I actually have an exam regarding this tomorrow and I am not as ready as I should be lol! So here we go (Please note that I have learned these in my native language so mention any errors or mistakes):

– There is no “Hierarchy” per se. Meaning that there is no inherent value comparison between these data types. The major difference is the mathematical and statistical operations that you are allowed to perform on the data.

For example, when you have Ordinal data, you are allowed to use Spearman’s correlation coefficient, but when you have Interval Scale data, you are allowed to use Pearson’s formula.

– When you have ordinal or nominal data, you are not allowed to perform mathematical operations mostly, since the distance between numbers is meaningless.

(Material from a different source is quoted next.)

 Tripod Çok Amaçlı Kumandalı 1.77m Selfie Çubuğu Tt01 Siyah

But in Interval and Ratio scales, you can. Also, in Interval Scales, there is no defined 0. For example:

Imagine person A scores 70 out of 100 in an English test, person B scores 40, and person C scores 0.

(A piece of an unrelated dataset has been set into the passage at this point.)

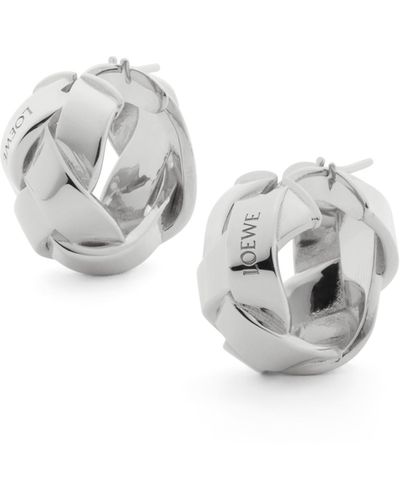 Loewe Luxury Nest Hoop Earrings In Sterling Silver For - Metallic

This is considered an Interval scale, you can add and subtract (Person A scored 30 points more than Person B). But there is no defined 0. The reason is that you can not say that person C has 0 knowledge of the English language!

But imagine a ratio scale. Height is one. When you say object A is 5 meters and object B is 10 meters, Object B is twice long. And when you say Object C has the height of 0, it means it is literally zero (it does not exist).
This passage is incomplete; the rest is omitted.